Exercise aim: The material below holds the lines to copy: from the one with "Secretaria de Obras" up to and including the one with "CM Youth Conclave-2026: सीएम". Copy them exactly and skip the pictures.

The data:
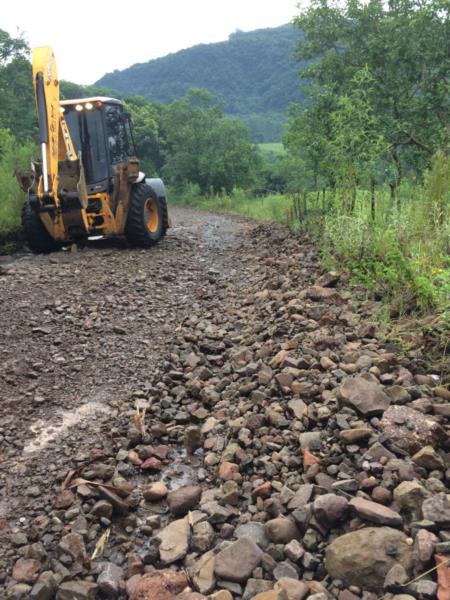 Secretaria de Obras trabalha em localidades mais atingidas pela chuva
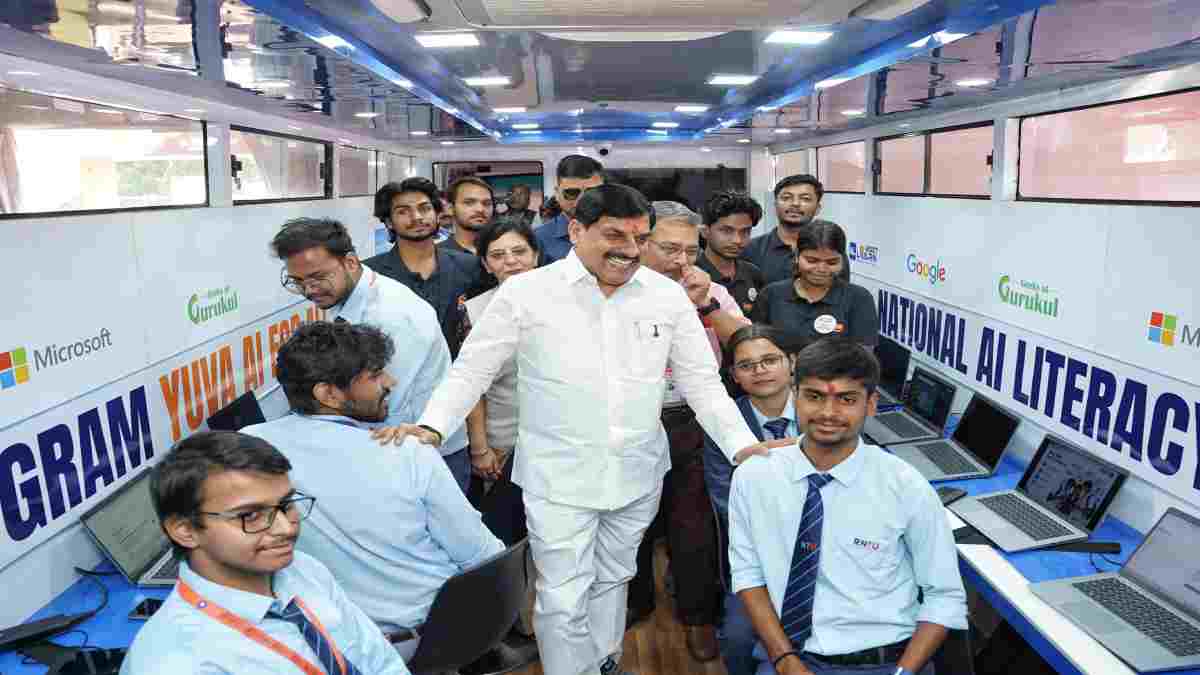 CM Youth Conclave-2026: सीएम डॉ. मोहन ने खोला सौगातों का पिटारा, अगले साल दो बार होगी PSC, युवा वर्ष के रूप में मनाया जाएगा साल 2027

* * *

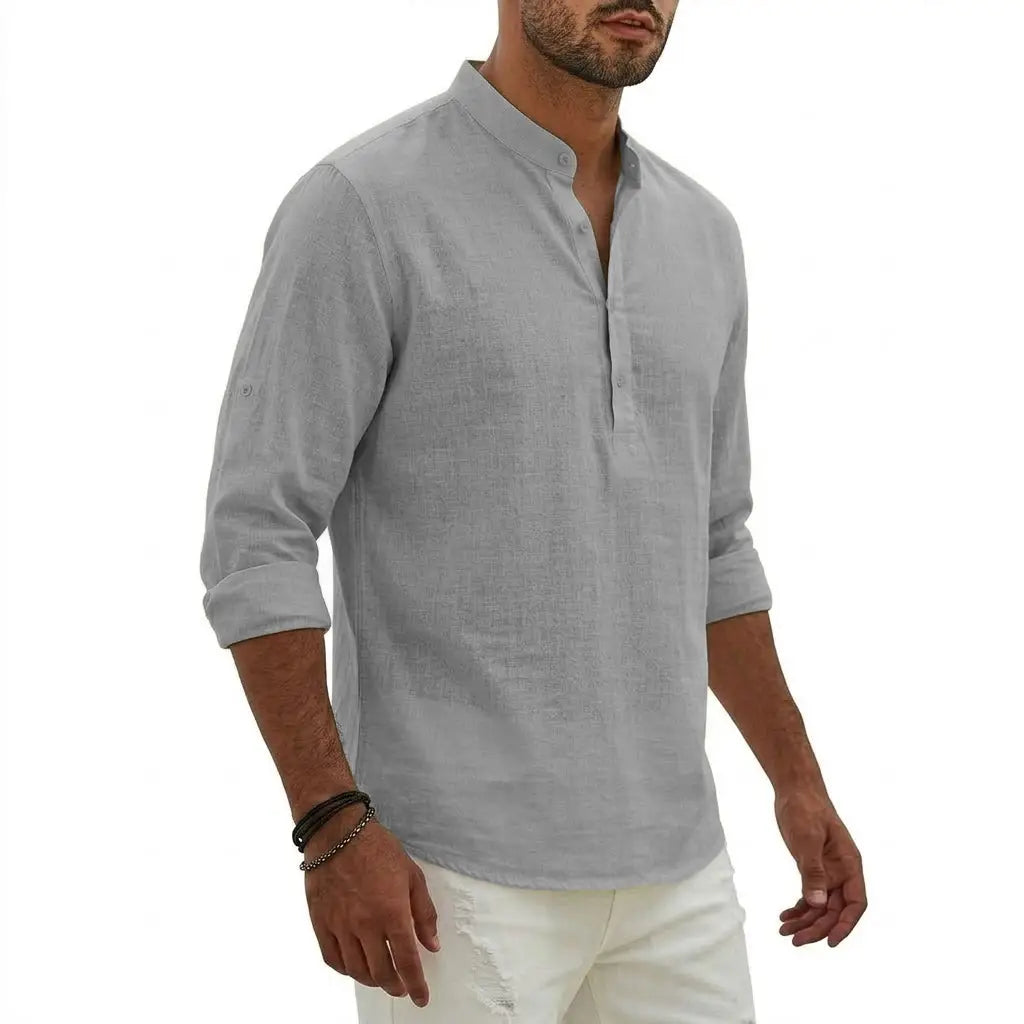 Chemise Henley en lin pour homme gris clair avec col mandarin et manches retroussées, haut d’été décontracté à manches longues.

---

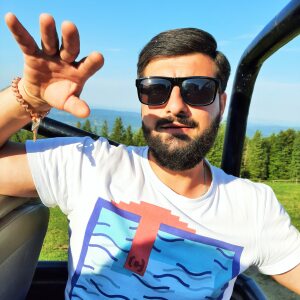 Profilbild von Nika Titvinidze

Exercise result:
 Secretaria de Obras trabalha em localidades mais atingidas pela chuva
 CM Youth Conclave-2026: सीएम डॉ. मोहन ने खोला सौगातों का पिटारा, अगले साल दो बार होगी PSC, युवा वर्ष के रूप में मनाया जाएगा साल 2027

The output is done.